== Task objective ==
Look below for the line containing "110 North River" and the line containing "a bedroom with a bed and a", then set down both and every line between them exactly, without pictures.

== Data ==

━━━━━━━━━━

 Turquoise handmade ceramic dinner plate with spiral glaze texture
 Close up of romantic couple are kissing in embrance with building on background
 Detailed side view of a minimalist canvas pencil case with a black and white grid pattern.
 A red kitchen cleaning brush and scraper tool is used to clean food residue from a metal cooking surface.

━━━━━━━━━━

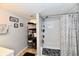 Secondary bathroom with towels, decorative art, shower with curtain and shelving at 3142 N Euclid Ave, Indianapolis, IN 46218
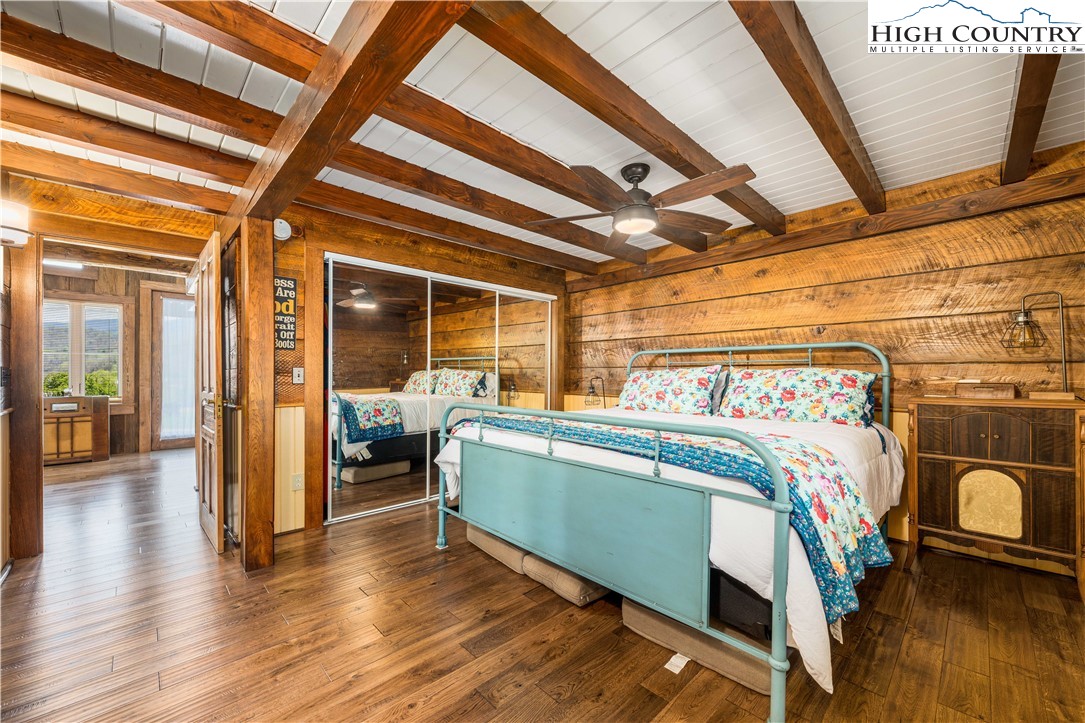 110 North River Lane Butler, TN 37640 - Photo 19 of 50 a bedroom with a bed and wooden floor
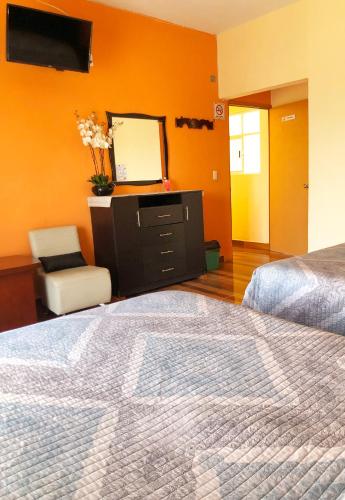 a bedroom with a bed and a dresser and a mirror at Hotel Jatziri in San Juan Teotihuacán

━━━━━━━━━━

== Task output ==
 110 North River Lane Butler, TN 37640 - Photo 19 of 50 a bedroom with a bed and wooden floor
 a bedroom with a bed and a dresser and a mirror at Hotel Jatziri in San Juan Teotihuacán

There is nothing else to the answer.